Although many of us view traffic stops as a minor inconvenience, a ticket on the commute to school can end in traumatic separation for undocumented immigrants and their children. Using interviews and data from The US Customs and Immigration Service (USCIS), Robert Smith and colleagues found that the threat of deportation can jeopardize children’s mental and physical wellbeing.Smith and colleagues interviewed undocumented parents who have been pulled over for driving without a license. Parents described stops where the police discovered they were unlicensed and delivered them to ICE (Immigration and Customs Enforcement) on the side of the road while their children watched. The children in the backseat watching these encounters experienced short and long term emotional harm after police stops and ICE detainment, including nightmares, post traumatic stress disorder and difficulty adjusting to change in family structure. After these arrests, the parents felt that police neglected their children. For example, one mother described how police made her young children walk three miles home unaccompanied on a cold winter night.
Children and parents lived in constant fear that routine trips to school or the doctor would lead to separation after a police stop. This constant fear of separation from parents made it hard for kids to focus in school. One mother reported that her son had to repeat fifth grade because of his anxiety about his mom being deported. Likewise, fear of deportation can also prevent parents from taking their children to routine healthcare visits.
Many parents reported that they were stopped by police due to racial profiling. Researchers found that a majority of people deported after a traffic stop were booked under “No conviction,” meaning that they were not convicted of any crime or driving violation. Instead, many were targeted for stops on account of their racial appearance. Smith and colleagues found that some law enforcement agencies would even work cooperatively with ICE to scout out undocumented people through traffic stops.
The authors argue that New York’s newly implemented Drivers License Access and Privacy Act, commonly known as the Greenlight law, could prevent these harms to children. The law allows undocumented immigrants in New York to obtain drivers licenses and prevents the DMV from reporting them to ICE. However, the government’s implementation of the Greenlight law has been inconsistent, weakening its effects. In the small number of counties where Greenlight licenses are offered, lack of funding restricts the amount of licenses that the DMV can administer per day. Some DMV offices refuse to offer services in Spanish and make Greenlight applicants, but not standard license applicants, wait outside in the cold.

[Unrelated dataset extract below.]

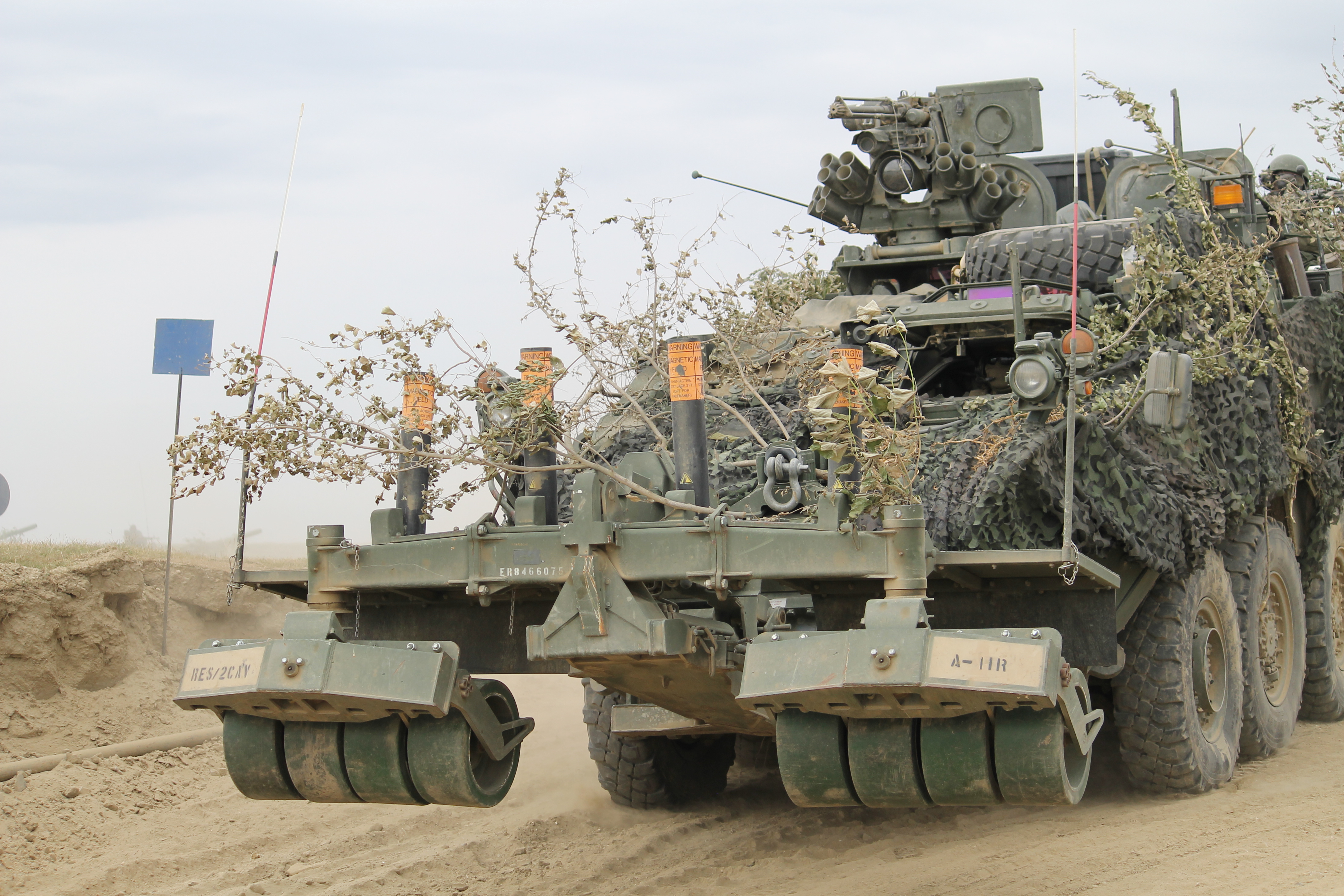 A U.S. Stryker outfitted with a counter-improvised explosive device capability prepares to cross the river. The Stryker crossing was the only U.S. participation in the exercise. (Jen Judson/Staff)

The researchers suggest that universal implementation of the Greenlight law and more thoughtful policing of Latinx communities could eliminate the harm to children and families that comes from police stops, ICE detainment, and family separation. Other solutions include expanding busing to communities with large immigrant populations. This would ensure that children have a safe ride to school and parents would not have to risk deportation by driving unlicensed. These efforts could address the reality that short and routine car trips put some immigrant families at risk of police contact and the harm and separation that can follow.